A common practice is to start with a small number of filters in the first layer and gradually increase the number of filters in subsequent layers. For example, in a basic CNN architecture, the number of filters might be set as follows:

**`First Convolutional Layer`**: Fewer filters, e.g., 32 or 64.


**`Intermediate Convolutional Layers`**: Increasing number of filters, e.g., 128, 256, etc.


**`Final Convolutional Layer`**: The number of filters can be set to the number of classes in the classification task (for classification problems).


The choice of the number of filters can also depend on the available computational resources and the size of the dataset. Larger numbers of filters increase the model's capacity to learn intricate patterns but also increase the computational cost and the risk of overfitting if the dataset is small.


### Q) How to specify correct input shape of images while creating dataset?

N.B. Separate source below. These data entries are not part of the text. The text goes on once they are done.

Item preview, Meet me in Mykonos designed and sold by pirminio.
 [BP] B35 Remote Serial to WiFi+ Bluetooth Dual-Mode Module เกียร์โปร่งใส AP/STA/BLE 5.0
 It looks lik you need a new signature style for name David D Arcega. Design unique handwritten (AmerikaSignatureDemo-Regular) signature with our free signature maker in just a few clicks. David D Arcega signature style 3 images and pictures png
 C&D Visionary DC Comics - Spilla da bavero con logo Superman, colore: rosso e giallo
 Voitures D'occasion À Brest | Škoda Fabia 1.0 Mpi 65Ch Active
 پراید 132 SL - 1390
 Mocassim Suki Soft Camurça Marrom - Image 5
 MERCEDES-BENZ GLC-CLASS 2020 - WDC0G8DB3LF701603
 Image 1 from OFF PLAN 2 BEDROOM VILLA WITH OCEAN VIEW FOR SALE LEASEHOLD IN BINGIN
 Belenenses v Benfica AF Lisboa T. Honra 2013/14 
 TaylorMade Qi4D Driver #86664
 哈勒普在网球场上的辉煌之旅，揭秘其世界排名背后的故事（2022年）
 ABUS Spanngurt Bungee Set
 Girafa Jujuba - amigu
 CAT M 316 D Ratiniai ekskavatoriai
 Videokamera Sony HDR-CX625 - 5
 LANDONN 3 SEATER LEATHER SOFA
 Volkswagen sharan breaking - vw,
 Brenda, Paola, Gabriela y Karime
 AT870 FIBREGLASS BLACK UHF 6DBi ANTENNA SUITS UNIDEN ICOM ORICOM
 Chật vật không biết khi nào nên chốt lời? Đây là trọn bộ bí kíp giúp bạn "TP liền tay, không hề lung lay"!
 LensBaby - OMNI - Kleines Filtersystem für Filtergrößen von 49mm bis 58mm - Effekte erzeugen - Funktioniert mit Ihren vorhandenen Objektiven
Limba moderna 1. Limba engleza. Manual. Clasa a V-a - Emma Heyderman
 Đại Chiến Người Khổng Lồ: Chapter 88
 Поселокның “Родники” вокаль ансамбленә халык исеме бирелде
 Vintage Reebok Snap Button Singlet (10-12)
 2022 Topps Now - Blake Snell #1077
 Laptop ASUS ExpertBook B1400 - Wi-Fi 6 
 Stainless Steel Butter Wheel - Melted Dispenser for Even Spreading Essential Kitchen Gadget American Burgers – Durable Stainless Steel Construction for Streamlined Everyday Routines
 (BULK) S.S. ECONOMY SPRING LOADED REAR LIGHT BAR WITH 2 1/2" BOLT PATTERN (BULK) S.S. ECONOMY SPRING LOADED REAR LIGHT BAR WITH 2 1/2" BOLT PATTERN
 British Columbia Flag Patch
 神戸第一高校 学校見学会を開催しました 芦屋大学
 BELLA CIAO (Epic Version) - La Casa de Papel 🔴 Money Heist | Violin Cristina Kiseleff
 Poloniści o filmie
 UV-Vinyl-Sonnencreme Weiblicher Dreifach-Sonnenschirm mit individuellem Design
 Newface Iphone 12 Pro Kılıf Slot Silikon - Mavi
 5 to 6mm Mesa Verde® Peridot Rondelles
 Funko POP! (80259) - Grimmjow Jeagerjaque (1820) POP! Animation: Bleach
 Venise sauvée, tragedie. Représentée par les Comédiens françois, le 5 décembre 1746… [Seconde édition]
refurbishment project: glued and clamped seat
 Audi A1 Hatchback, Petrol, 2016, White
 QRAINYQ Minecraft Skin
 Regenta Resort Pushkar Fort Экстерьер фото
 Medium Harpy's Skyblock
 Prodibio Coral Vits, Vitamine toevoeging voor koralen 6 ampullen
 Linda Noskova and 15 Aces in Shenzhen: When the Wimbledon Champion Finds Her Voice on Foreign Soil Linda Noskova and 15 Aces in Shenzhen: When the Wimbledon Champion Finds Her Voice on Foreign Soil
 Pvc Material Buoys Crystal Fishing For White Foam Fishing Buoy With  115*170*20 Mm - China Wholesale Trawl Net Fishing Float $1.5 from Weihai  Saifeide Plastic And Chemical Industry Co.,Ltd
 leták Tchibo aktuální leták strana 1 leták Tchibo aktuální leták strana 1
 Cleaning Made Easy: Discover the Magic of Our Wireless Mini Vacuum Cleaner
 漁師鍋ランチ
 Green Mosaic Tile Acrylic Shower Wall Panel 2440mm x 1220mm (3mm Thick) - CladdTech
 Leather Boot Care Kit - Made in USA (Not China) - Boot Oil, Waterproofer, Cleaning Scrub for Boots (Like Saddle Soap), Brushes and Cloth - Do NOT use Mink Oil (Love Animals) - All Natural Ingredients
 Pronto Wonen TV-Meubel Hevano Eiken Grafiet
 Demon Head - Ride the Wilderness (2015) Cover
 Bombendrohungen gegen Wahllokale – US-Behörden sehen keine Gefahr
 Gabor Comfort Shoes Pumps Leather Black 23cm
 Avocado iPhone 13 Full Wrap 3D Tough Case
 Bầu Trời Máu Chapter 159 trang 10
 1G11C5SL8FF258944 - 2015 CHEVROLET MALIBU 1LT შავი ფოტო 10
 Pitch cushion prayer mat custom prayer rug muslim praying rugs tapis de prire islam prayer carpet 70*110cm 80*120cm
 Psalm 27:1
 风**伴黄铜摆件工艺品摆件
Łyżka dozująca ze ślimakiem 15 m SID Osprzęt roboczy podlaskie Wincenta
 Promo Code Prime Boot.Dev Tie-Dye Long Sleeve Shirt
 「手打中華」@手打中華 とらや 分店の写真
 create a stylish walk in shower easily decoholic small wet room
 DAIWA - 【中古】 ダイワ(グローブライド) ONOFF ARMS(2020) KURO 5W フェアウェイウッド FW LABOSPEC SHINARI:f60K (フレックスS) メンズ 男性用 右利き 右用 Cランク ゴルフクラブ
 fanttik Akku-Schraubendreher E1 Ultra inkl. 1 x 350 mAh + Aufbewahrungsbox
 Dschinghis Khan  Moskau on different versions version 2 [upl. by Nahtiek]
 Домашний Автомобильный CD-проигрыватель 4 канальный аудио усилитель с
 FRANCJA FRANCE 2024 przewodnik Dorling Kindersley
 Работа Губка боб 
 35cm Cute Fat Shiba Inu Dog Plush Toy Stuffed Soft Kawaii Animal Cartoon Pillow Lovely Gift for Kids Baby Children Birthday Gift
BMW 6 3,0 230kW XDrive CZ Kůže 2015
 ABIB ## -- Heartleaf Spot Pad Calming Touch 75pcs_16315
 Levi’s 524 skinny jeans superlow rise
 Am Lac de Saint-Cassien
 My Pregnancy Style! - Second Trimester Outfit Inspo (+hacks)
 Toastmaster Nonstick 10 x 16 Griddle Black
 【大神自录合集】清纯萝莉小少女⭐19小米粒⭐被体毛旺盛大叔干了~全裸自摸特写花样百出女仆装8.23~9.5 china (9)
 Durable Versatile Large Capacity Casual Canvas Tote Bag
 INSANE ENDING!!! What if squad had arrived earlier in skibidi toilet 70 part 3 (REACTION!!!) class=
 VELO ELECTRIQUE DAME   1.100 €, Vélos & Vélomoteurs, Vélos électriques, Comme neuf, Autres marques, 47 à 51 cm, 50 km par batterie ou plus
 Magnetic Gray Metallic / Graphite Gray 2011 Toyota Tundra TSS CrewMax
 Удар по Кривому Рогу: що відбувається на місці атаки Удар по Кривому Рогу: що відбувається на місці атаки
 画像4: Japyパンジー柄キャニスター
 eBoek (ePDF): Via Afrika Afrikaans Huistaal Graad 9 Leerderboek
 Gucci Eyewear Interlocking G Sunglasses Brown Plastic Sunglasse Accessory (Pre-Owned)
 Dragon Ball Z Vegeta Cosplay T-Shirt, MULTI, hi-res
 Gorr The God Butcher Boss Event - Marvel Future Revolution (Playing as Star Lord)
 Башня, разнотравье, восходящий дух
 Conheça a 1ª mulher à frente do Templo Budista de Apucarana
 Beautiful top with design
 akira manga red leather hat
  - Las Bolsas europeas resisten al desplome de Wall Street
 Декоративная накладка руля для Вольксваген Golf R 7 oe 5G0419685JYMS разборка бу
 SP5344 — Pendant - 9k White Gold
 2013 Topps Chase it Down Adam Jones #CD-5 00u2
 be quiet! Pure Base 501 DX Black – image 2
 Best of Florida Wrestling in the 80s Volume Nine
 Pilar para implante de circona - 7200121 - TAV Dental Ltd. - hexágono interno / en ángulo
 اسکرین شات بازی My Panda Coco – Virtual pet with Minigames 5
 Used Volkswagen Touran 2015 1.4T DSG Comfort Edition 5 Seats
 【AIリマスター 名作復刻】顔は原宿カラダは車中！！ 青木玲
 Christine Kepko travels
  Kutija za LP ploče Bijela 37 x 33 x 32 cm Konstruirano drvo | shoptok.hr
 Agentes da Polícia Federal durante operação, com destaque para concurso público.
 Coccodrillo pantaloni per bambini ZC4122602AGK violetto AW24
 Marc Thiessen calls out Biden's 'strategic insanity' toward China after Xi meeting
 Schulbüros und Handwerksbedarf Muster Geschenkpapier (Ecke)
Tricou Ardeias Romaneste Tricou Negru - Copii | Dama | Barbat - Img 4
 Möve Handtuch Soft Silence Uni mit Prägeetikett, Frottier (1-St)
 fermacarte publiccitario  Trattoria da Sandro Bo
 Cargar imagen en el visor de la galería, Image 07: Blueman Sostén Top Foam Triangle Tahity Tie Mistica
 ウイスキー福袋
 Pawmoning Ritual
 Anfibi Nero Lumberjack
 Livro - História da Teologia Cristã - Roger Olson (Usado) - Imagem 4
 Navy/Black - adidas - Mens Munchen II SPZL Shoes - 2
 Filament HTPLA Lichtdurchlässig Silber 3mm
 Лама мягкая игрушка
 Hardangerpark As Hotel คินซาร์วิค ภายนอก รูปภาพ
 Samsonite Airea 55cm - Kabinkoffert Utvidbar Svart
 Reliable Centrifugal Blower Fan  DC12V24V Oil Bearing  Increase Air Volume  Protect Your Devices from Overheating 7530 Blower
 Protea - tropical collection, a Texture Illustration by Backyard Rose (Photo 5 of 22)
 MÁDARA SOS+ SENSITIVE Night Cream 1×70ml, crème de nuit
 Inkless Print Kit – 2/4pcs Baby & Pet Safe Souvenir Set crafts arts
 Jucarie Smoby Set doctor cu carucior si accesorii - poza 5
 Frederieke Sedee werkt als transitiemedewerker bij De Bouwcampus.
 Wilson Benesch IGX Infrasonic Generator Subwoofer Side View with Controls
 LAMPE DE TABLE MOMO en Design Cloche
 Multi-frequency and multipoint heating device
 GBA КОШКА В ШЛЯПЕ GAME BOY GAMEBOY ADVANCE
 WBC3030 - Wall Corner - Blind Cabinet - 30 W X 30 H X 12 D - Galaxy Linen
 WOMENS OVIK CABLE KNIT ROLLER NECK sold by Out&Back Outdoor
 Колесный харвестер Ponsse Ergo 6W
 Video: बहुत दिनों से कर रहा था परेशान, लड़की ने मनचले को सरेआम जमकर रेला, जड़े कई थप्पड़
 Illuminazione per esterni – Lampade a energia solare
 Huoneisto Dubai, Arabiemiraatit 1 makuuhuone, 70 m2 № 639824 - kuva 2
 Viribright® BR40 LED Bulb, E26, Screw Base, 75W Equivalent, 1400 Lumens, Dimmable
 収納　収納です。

The choice of the image size (image_size) when creating a dataset of images depends on various factors, including the characteristics of the dataset, the available computational resources, and the requirements of the specific deep learning model or task you are working on.


As a starting point, image sizes such as (256, 256) or (224, 224) are commonly used in various computer vision tasks. These sizes are often chosen because they strike a balance between maintaining relevant details in the images and computational efficiency.


### Q) What will happen if we incease the number of convolutional layers?


Adding more convolutional layers can make the model more complex and difficult to train, but it can also improve the model's performance by extracting more features and reducing overfitting.


**`Increased complexity`**: Adding more convolutional layers will increase the complexity of the CNN model. This can make the model more difficult to train, but it can also improve the model's performance.


**`Improved feature extraction`**: More convolutional layers can extract more features from the input data. This can improve the model's ability to recognize patterns in the data and make more accurate predictions.


**`Reduced overfitting`**: Adding more convolutional layers can help to reduce overfitting. This is because the model will be able to learn more features from the data, which will make it less likely to memorize the training data and generalize better to new data.

### `'mini-batch'` parameter

The size of the mini-batch is a hyperparameter that can be tuned to improve the performance of the model. A smaller mini-batch size can help to prevent overfitting, but it can also make the training process slower. A larger mini-batch size can speed up the training process, but it can also increase the risk of overfitting.

The optimal mini-batch size depends on the specific problem and the dataset. However, a good starting point is a mini-batch size of 32 to 128.